- AIM OF THE EXERCISE -
Leaving the pictures aside, transcribe every line below exactly.

======

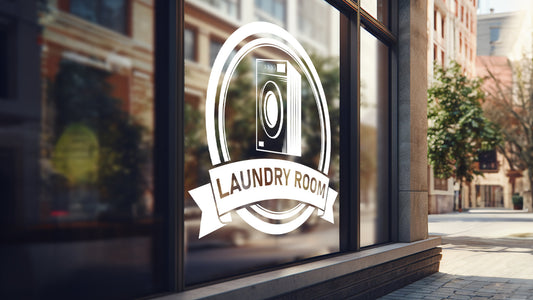 Laundromat - Vinyl Window Decal, Standard / Custom Sizes, PEEL AND STICK, Window Sticker, for Storefront, Businesses, Café, Shop, and More!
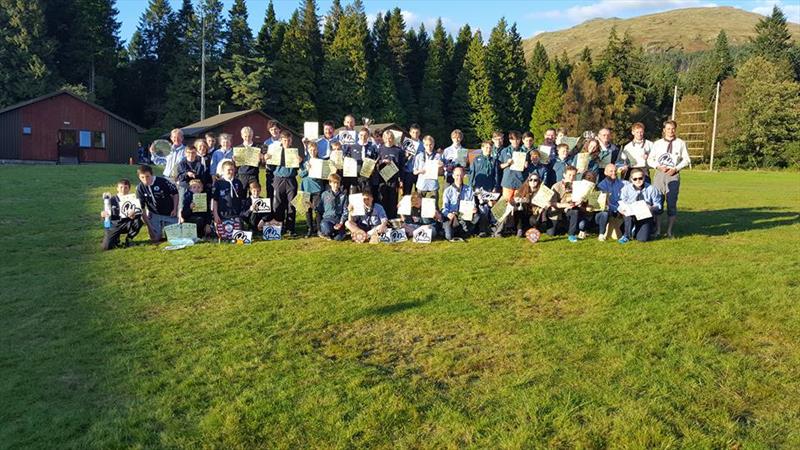 Scottish National Scout Regatta winners photo copyright Neil McLaren taken at 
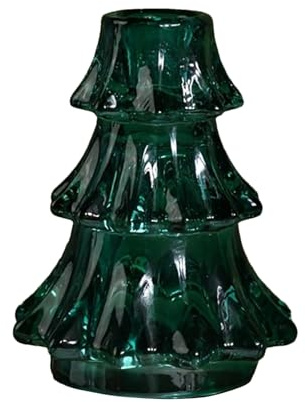 Portavelas con Diseño de Árbol de Navidad - Decoración Vintage Para Fiestas | Portavelas Para Árbol De Navidad,Para Bodas, Festivales, Reuniones, Repisa De Chimenea, Chimenea, Comedor, Centros De Mesa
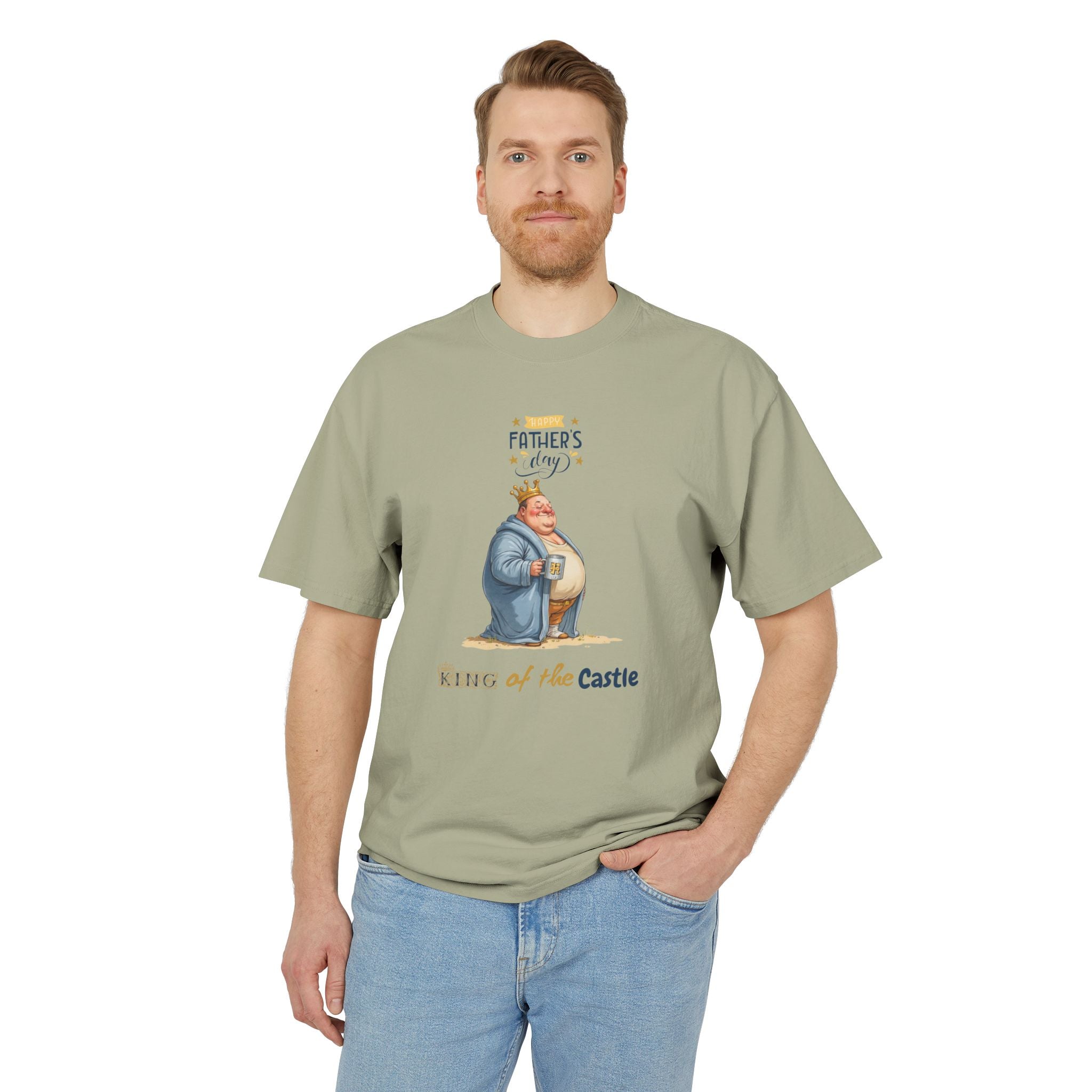Father's Day King of the Castle Tee, Unisex Heavy Faded Tee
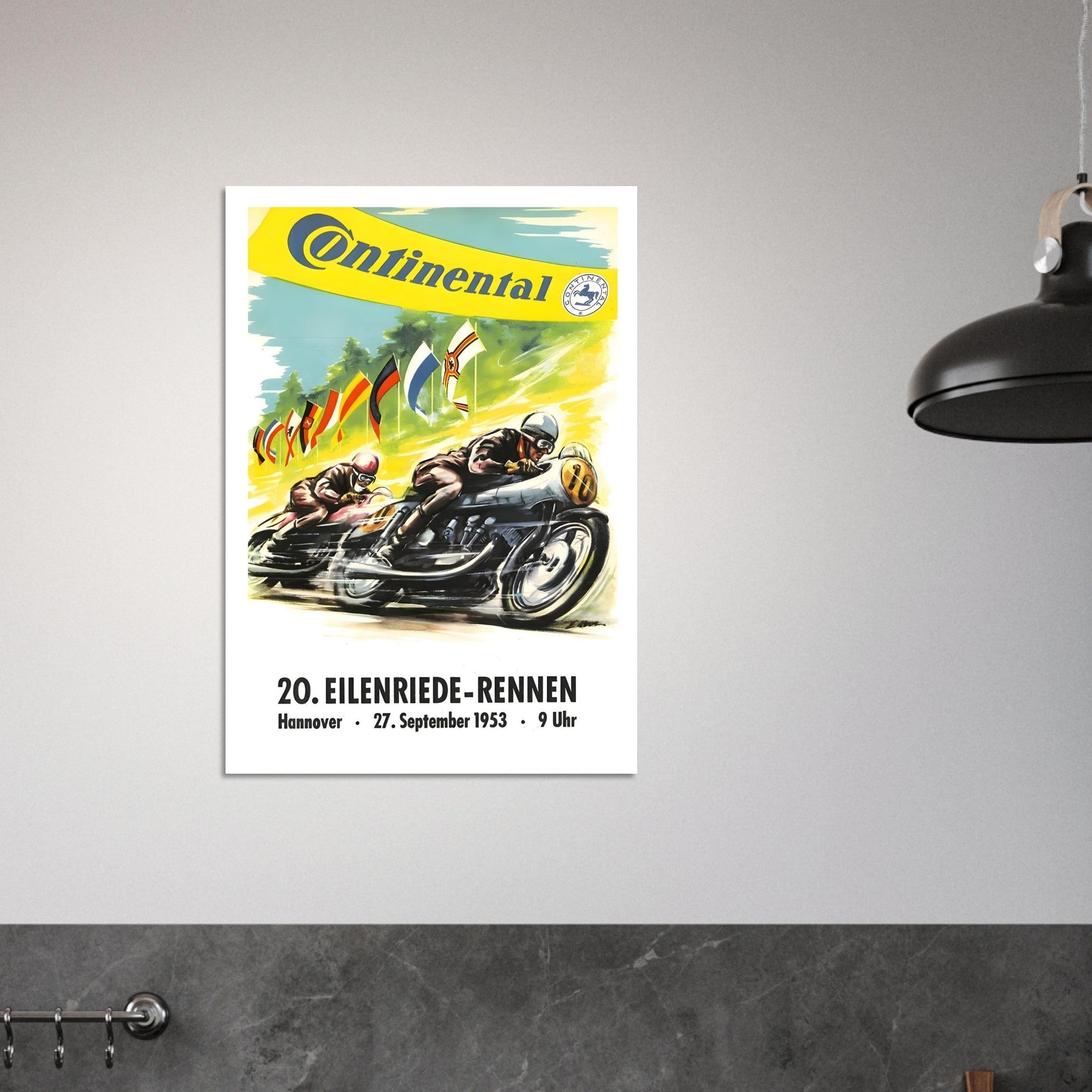 Vintage 1953 Continental Eilenriede - Rennen Racing Poster - Transit Art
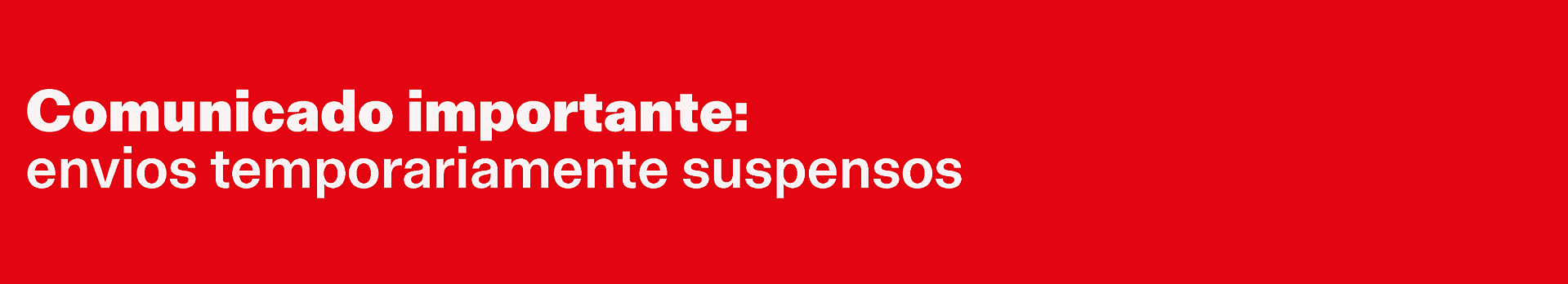 COMUNICADO IMPORTANTE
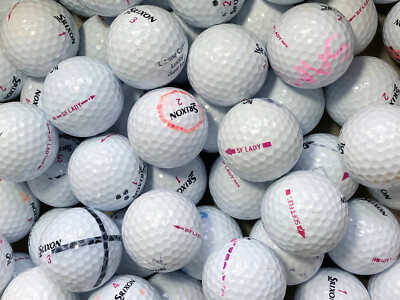 Srixon Soft Feel Lakeballs - AAA/AA Qualität Golfbälle Übungsbälle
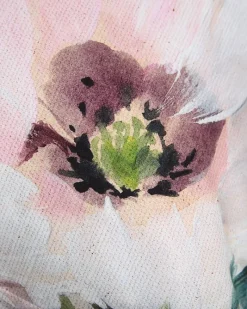 New Dunnes Stores Paul Costelloe Living Grey Floral Oxford Pillowcase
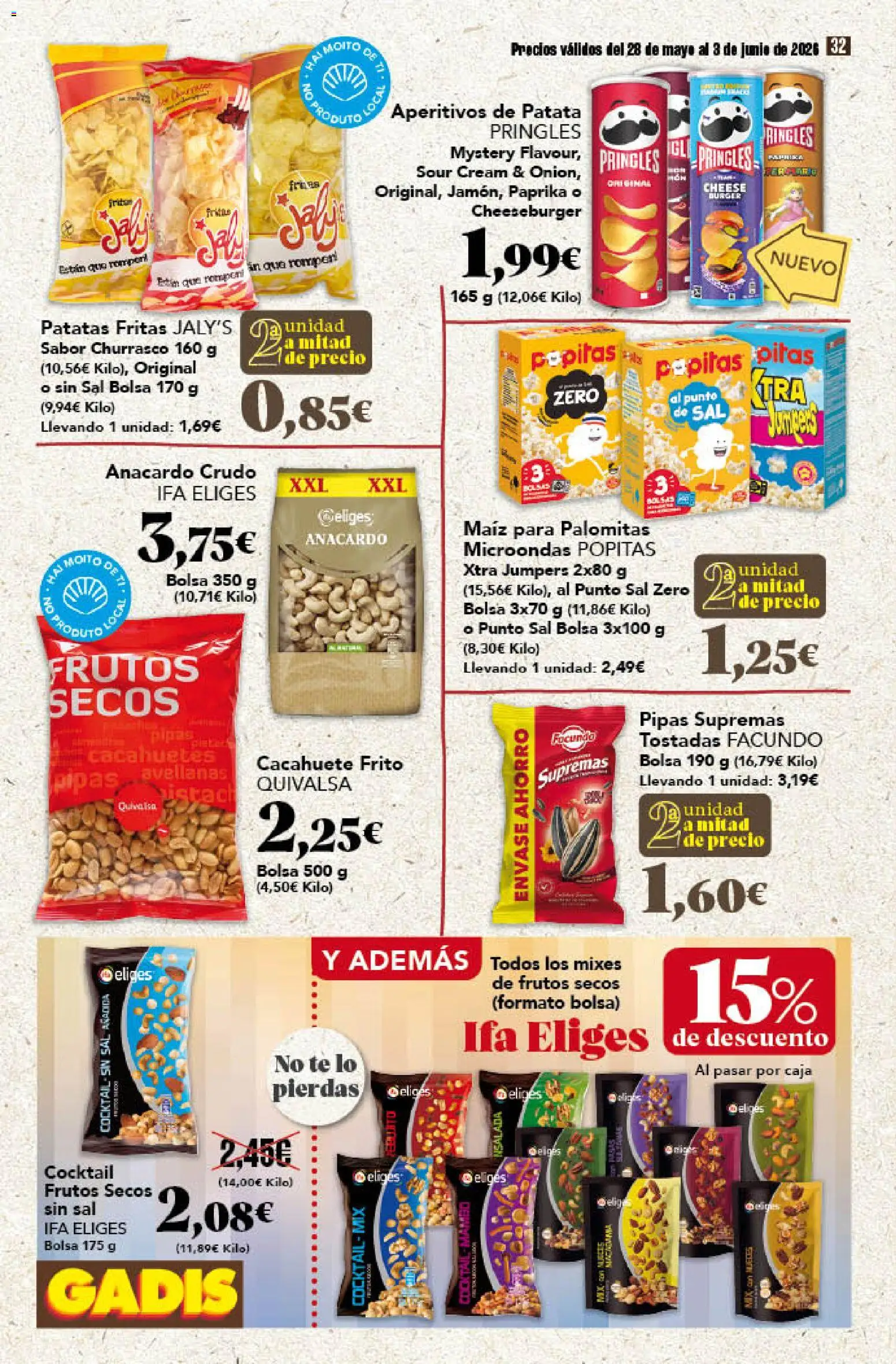 Gadis folleto │ válido desde el 28.05.2026 | Página: 32 | Productos: Frutos secos, Té, Bolsa, Caja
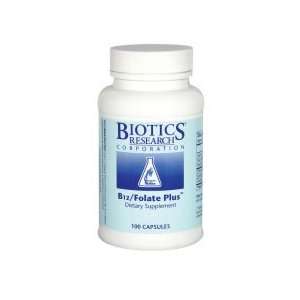  B12/Folate Plus 100 Capsules   Biotics Research Health 
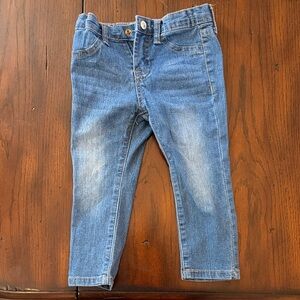 Girls 2T 7 for all Mankind Kids Blue Denim Jeans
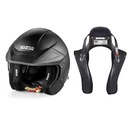 Sparco Flux RJ Helmet & Stand21 Club Series FHR Device Package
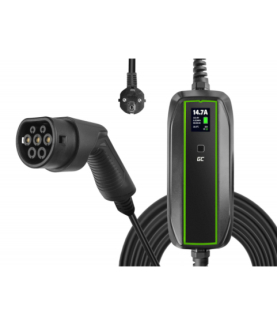 Green Cell | EV16 | GC EV PowerCable 3.6kW Schuko Type 2 mobile charger for charging electric cars and Plug-In hybrids | 3.6 kW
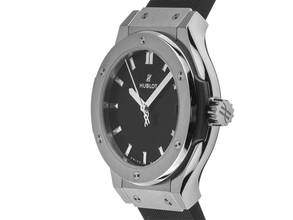 Thumbnail von Hublot Classic Fusion Quartz Ref.581.NX.1470.RX 2026 Full Set Ungetragen Classic Fusion Titan Kautschuk Faltschließe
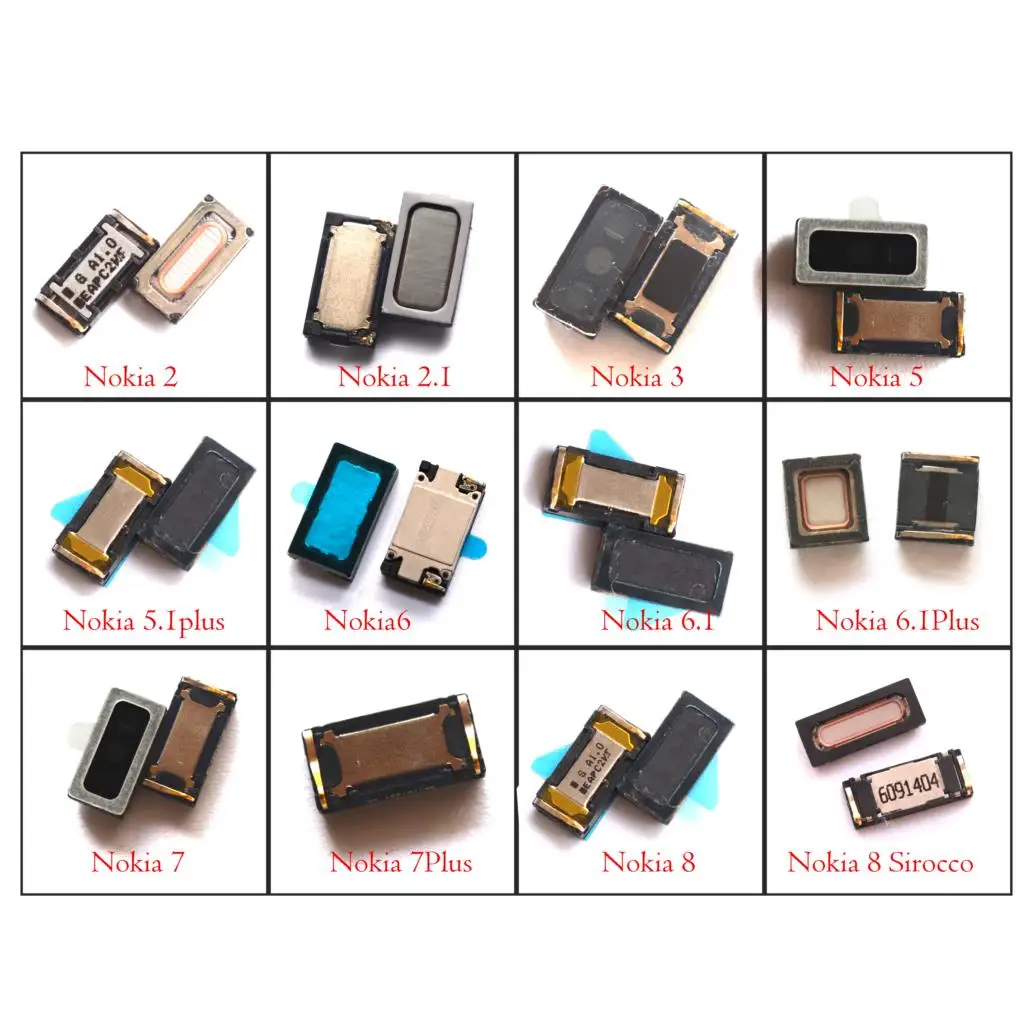 

2x new original Cell phone earpiece Ear speaker receiver for Nokia 2 2.1 3 3.1 5 5.1 6 6.1 7 7.1 8 plus Sirocco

======

- COMPLETED TASK -
 Laundromat - Vinyl Window Decal, Standard / Custom Sizes, PEEL AND STICK, Window Sticker, for Storefront, Businesses, Café, Shop, and More!
 Scottish National Scout Regatta winners photo copyright Neil McLaren taken at 
 Portavelas con Diseño de Árbol de Navidad - Decoración Vintage Para Fiestas | Portavelas Para Árbol De Navidad,Para Bodas, Festivales, Reuniones, Repisa De Chimenea, Chimenea, Comedor, Centros De Mesa
Father's Day King of the Castle Tee, Unisex Heavy Faded Tee
 Vintage 1953 Continental Eilenriede - Rennen Racing Poster - Transit Art
 COMUNICADO IMPORTANTE
 Srixon Soft Feel Lakeballs - AAA/AA Qualität Golfbälle Übungsbälle
 New Dunnes Stores Paul Costelloe Living Grey Floral Oxford Pillowcase
 Gadis folleto │ válido desde el 28.05.2026 | Página: 32 | Productos: Frutos secos, Té, Bolsa, Caja
  B12/Folate Plus 100 Capsules   Biotics Research Health 
 Girls 2T 7 for all Mankind Kids Blue Denim Jeans
 Sparco Flux RJ Helmet & Stand21 Club Series FHR Device Package
 Green Cell | EV16 | GC EV PowerCable 3.6kW Schuko Type 2 mobile charger for charging electric cars and Plug-In hybrids | 3.6 kW
 Thumbnail von Hublot Classic Fusion Quartz Ref.581.NX.1470.RX 2026 Full Set Ungetragen Classic Fusion Titan Kautschuk Faltschließe

2x new original Cell phone earpiece Ear speaker receiver for Nokia 2 2.1 3 3.1 5 5.1 6 6.1 7 7.1 8 plus Sirocco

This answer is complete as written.